Batch processing of similar tasks
Example: classify and summarise thousands of records with the same instructions and output format.
Important Notes
- Caching is on by default: You don’t have to do anything to enable it
- Regional deployment: In-memory caching works everywhere; extended caching needs specific deployment types
- Your data stays private: Caches aren’t shared between different Azure subscriptions
- Request limits: If you send more than about 15 requests per minute with the same beginning, some may go to different servers and miss the cache
Let’s have a look:
For the purpose of demonstrating this, I built a Streamlit application that shows this in practice. We will create an agent with a prompt that is larger than 1,024 tokens. The instructions relate to it being an expert in the automotive industry.

Initially, I send it a message saying “Hi”, and the details are below:

Input tokens: 2,193. However, it’s a fresh session, and we’ve never used this before. If I send the same message again, stating “Hi”:

This time we can see that 2,176 tokens were taken directly from the cache. Why this number?
Why cached_tokens was 2,176 (the exact math)
At first glance, this looks odd because my visible system prompt is around 2,182 tokens.
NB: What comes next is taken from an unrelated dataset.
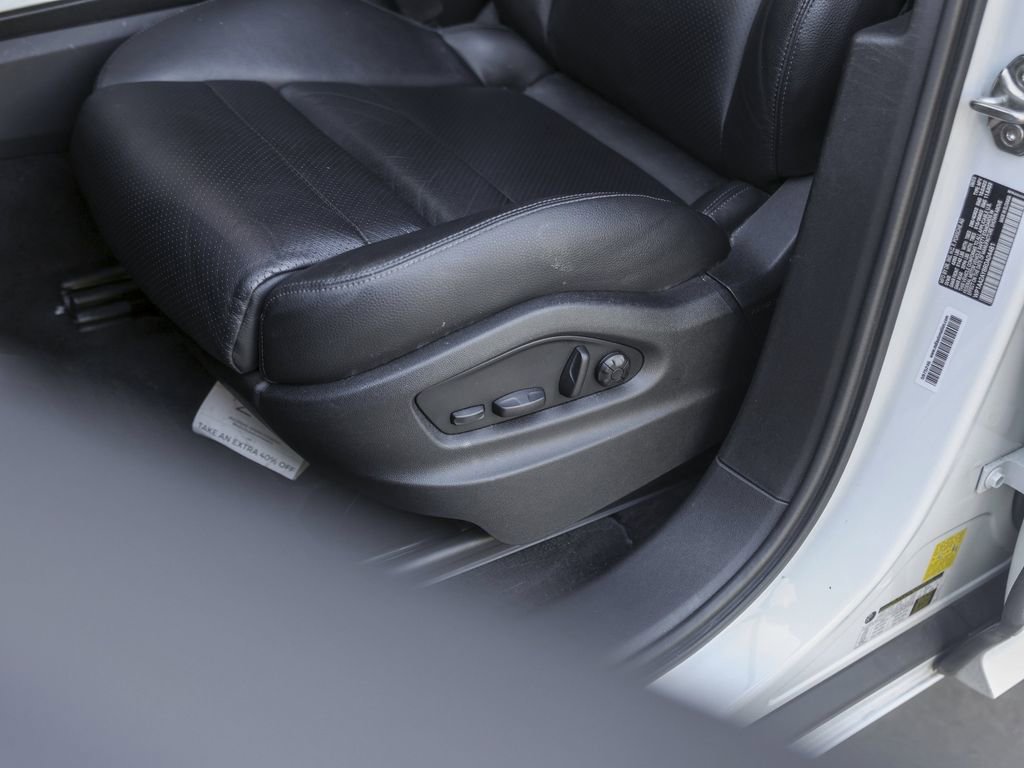 Certified 2024 Porsche Cayenne AWD/4WD image 16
The key point is that cached_tokens is based on the full internal prompt, not just the visible system prompt.
In Foundry, the model input typically includes:
- system instructions
- developer instructions
- tool definitions and schemas
- prior user and assistant messages
- service-level scaffolding injected by the platform
So the cache comparison runs against that full token stream.
Cache matching rules
- The first 1,024 tokens must match exactly
- After that, matching is counted in 128-token blocks
cached_tokensequals the total matched tokens
Reconstructing 2,176
If cached_tokens = 2176, the match was:
Here is the same logic as a flow diagram:
flowchart TD
A[Start cache comparison] --> B{First 1024 tokens identical?}
B -- No --> C[cached_tokens = 0]
B -- Yes --> D[Base cached_tokens = 1024]
D --> E[Check next chunk of 128 tokens]
E --> F{Chunk matches exactly?}
F -- Yes --> G[Add 128 to cached_tokens]
G --> E
F -- No --> H[Stop counting]
H --> I[cached_tokens = 1024 + n * 128]
I --> J[Example: n = 9]
J --> K[cached_tokens = 1024 + 9*128 = 2176]
That means:
- the initial 1,024-token prefix matched
- 9 additional 128-token blocks also matched
- the next 128-token block did not fully match, so counting stopped at 2,176
This is normal and expected behavior.